“Now, it came about when Joshua was by Jericho, that he lifted up his eyes, and looked and behold, a man was standing opposite him with his sword drawn in his hand” (Jos.5:13a).
“The act of observing or taking notice; the act of seeing or fixing the mind on anything; notion gained by observing; the effect or result of seeing or taking cognizance in the mind; or that which is produced by thinking and reflecting on a subject”(Noah Webster’s dictionary. 1828).
Observation requires thinking. It is not just seeing; it’s perceiving what one sees. Observation causes us to slow down, filter each word, process what is actually being said, and what is actually happening. Observation is taking a step back and looking at the big picture.
Here are some tips…
Read through it more than once before studying a chapter. Use multiple translations.
Ask: who, what, where, when, why, how, how not, what does it actually say, what does it not say, etc., etc.
Write a list of questions that come to mind: note who is speaking; who is being spoken too; those who may be listening or watching; what happened before and after.
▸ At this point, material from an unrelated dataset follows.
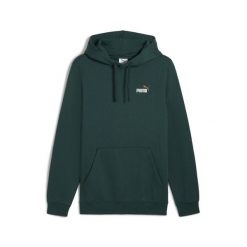 Męska bluza z kapturem Essentials z małym dwukolorowym logo No. 1 PUMA. Zielone bluzy męskie Puma, m, bez wzorów, prążkowane, z kapturem. Za 229.00 zł.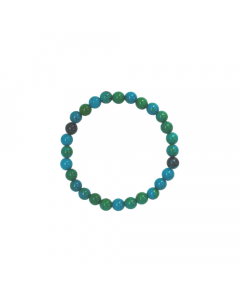 Chrysocolla kralen armband 6 mm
Become one of the characters in the story. Observe what is happening from their perspective. Use your five senses: see what they see; hear what they hear; smell what they smell; touch what they touch, and taste what they taste. Try this with multiple characters.
Here is an example…
“Consider the lilies of the field, how they grow; they neither toil nor spin, yet I tell you that even Solomon in all his glory was not arrayed like one of these” (Matt.6:28b-29).
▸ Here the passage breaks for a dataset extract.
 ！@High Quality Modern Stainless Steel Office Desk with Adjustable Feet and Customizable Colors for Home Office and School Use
Jesus uses the skill of observation. He draws the disciples’ attention to the lilies, causing them to pay closer attention to their growth process. He doesn’t point out what the lilies do, He points out what they don’t do: They “neither toil nor spin”. They are a work of God alone.
Okay, let’s build on Jesus’ observation. Who was Jesus speaking to? He was speaking to the disciples. Where were they? They were on a small mountain. Was it possible that they were in a field of lilies? And did Jesus draw their attention to this field of lilies? Now, Imagine the disciples at the top of a large hill, standing in a field of lilies. They’re gazing intently at the lilies all around them as Jesus is teaching.
Can you smell the lilies? Can you see the field? If you can, then you just did observation. Can you see how observation paints a portrait?
In this passage, Jesus does the observation for us. It is a good example of how we should be closely observing in our studies. We should apply this same attention to God’s Word. Like the disciples ignoring the lilies of the field, if we do not pay close attention to the Word of God we will miss what is right in front of us.